June 29, 2016    5 minute read

M&A In Pharma: The End Of R&D?

Pharma Fever    June 29, 2016    5 minute read

M&A In Pharma: The End Of R&D?

Since the beginning of 2014, numerous pharmaceutical companies have been embarking on M&A splurges, including various mega-mergers. In 2015, the biggest-ever Pharma transaction at $160 billion was announced. The rapid rise of M&A activity has not been restricted to mega-mergers, with smaller and middle market companies also getting into the act of deal-making and consolidation. In particular, biotechnology companies have proved to be popular with pharma companies – with deal-making in the Pharma sector hitting a record-high $395 billion in 2015, 31 M&A deals involving biotech firms, worth $18.2 billion combined, were also completed last year.

Decline In R&D Activity Due To M&A

While M&A activity has indeed led to immense growth in the pharmaceutical industry in recent years, some claim that such growth had been at the expense of the raison d’être of the industry – the research and subsequent development of new drugs. Such decline in R&D activity has been manifested in various ways, one of which would be the direct cutting of R&D spending. Following Actavis’ $66 billion acquisition of Allergan in November 2014, Actavis CEO Brent Saunders mentioned in a call with analysts that the combined company would take a “mid to high cut to our R&D spending,” with the intention of achieving expected cost savings of $1.8 billion a year from 2016.  Clearly, while consolidation does bring about market power and available cash, R&D is cut back as a result.

The pharmaceutical industry’s obsession with M&A has also led to reduced healthy competition, which is a key factor in ensuring successful R&D outcomes. M&A shifts a firm’s focus to internal restructuring, rather than increased pressure to develop new drugs. In fact, areas with the highest concentration of competition, such as in AIDS – with the rise of challengers such as Gilead, are those that have seen continued success. The trend of positive innovation in the Swiss pharmaceutical industry can be attributed to the major players, Novartis and Roche, resisting the urge to merge to form a single entity.

Of course, as pharmaceutical companies operate in the private sector, they have every right to pursue M&A as a means to secure future growth for their shareholders, and to meet business goals. Yet, when companies continuously fuel growth through the synergies and efficiencies of M&A, it is unsustainable in the long run due to its insidious effect on the industry’s R&D capacity. Furthermore, evidence has shown that it is possible for a pharmaceutical company to remain successful with the traditional business model of investing in R&D – GlaxoSmithKline’s CEO Andrew Witty claims that the key reason behind the company’s continued success was sticking to the R&D model, instead of switching to an M&A model.

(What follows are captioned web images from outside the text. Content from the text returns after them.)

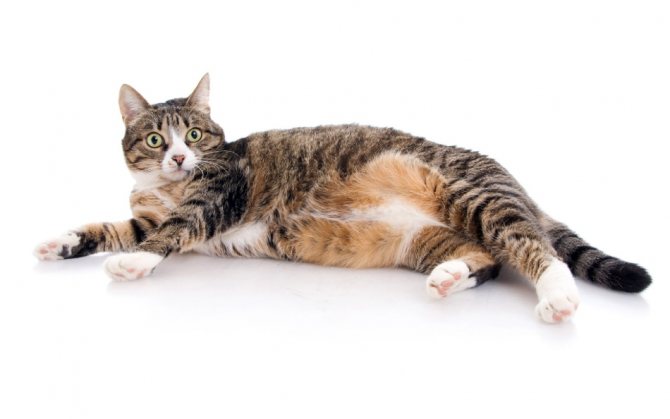 Трехцветные кошки — символ счастья в доме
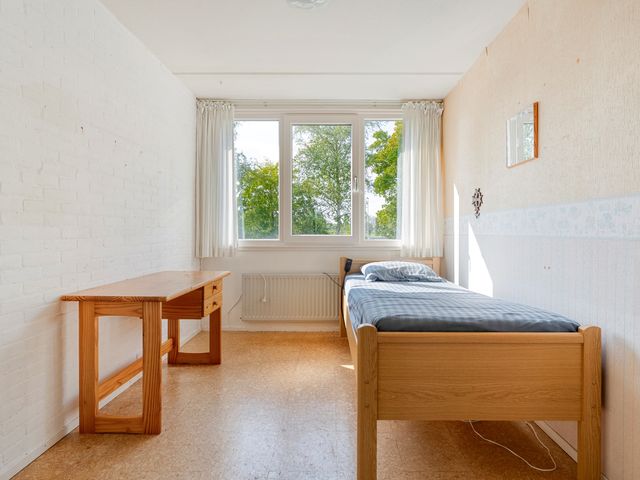 Meester Holtropstraat 10, Bruchterveld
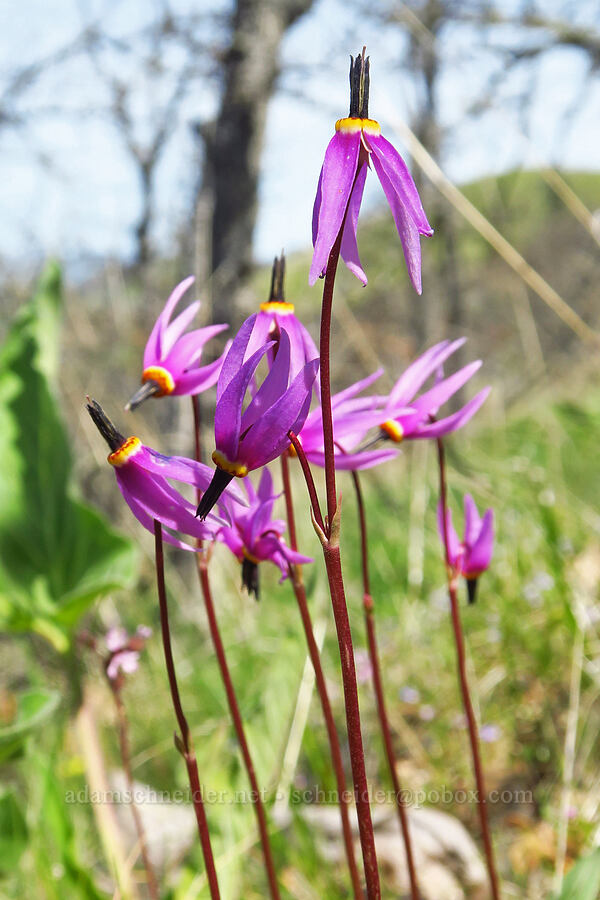 desert shooting-stars (Dodecatheon conjugens (Primula conjugens)) [Mill Creek Ridge Preserve, Wasco County, Oregon]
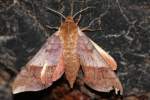 Azalea Sphinx Moth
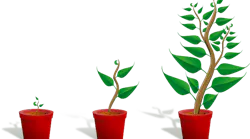 Image by OpenClipart-Vectors from Pixabay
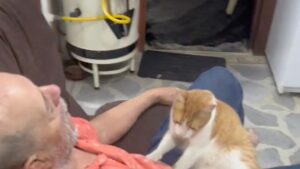 Un uomo si addormenta e il suo gatto teme il peggio: così tenta di “rianimarlo”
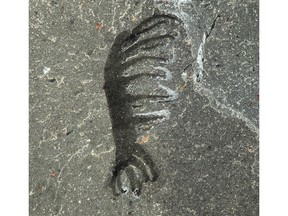 The Ovatiovermis (Ovation Worm) is shown in a handout photo from the Royal Ontario Museum. Researchers with the Royal Ontario Museum have for the first time identified an 18-limbed worm that lived some 500 million years ago. The critter's Latin name translates in part to "ovation worm" because it appears to have stood upright with its front limbs raised in the air.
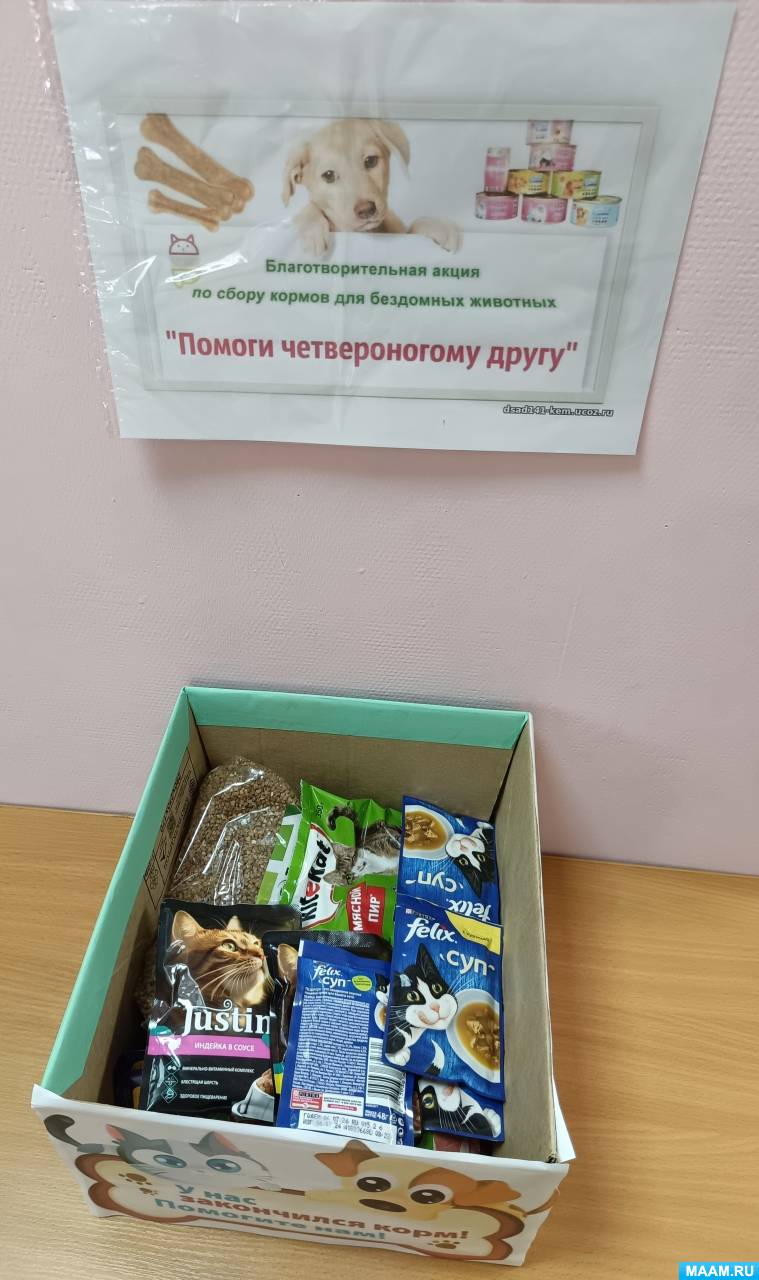 Смотреть фотографию №2 Фото №2 Социальные акции для детей акции по сбору кормов для бездомных животных Помоги четвероногому другу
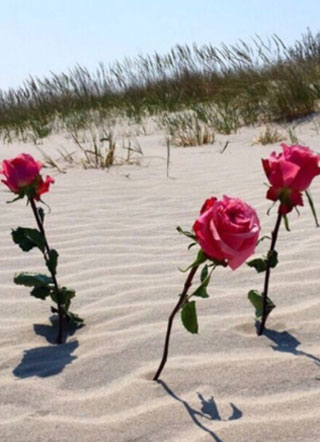 我在动物园当蛇妖小说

The Popularity Of M&A Is Not Without Good Reason

However, it is crucial to acknowledge that the rise in deal-making stemmed from a variety of justified reasons as well. In fact, for many pharmaceutical companies, M&A is their way of tackling the challenges that come with patent expiration. Firms in pharma have sought to acquire biotech companies which have their products on the market, or in the final stages of development. AstraZeneca’s takeover of several biotech firms in 2015 was a strategy undertaken to strengthen the company’s stream of respiratory, cardiovascular and oncology products. Certain companies also allow smaller and more focused biotechs to develop products with the objective of acquiring them in later stages. With large pharmaceutical companies, or Big Pharma, with such extensive access to capital, they are most certainly in a strong financial position to execute such a strategy.

When it comes to the final stages of the development of a new drug – in commercialization, it is simply not possible for smaller companies to compete with Big Pharma’s extensive resources and commercial platforms. It can be highly effective for a large company to acquire a small firm which has effective drugs for the larger firm to market and sells through its platforms. Furthermore, treatments for diseases can get to patients more quickly via Big Pharma’s commercialization skills. The $11 billion takeover of biotech company Pharmasset by US company Gilead, the world’s largest biotech firm, in 2011 can be said to be a successful execution of such a strategy. At that time, Pharmasset was in the midst of conducting late-stage clinical studies for a hepatitis C drug later known as Sovaldi – the drug made more than $10 billion in sales in 2014.

It’s About Balance

Increased focus on the acquisition business model, at first glance, may seem to pose a threat to the traditional R&D model previously adopted by many pharmaceutical companies. Some may even claim that M&A will do no good for the industry in the long run, and is no different from taking short-cuts to fuel growth.

We also have to acknowledge that just like any industrial sector in the economy, the pharmaceutical industry is vulnerable to the ongoing challenges in the free market. In a time when the pipeline for innovative, new blockbuster drugs is slowing, and the expiration of patents are threatening the sales of drugs that have been a stable stream of revenue, it is extremely challenging to balance the demand for cutting-edge R&D with the need for returns on investment and subsequent shareholder satisfaction. Furthermore, the claim that M&A erodes R&D activity can be questioned – they are not mutually exclusive. Certainly, there is potential for both business models to integrate and work hand in hand to fuel the quality growth of firms and the industry.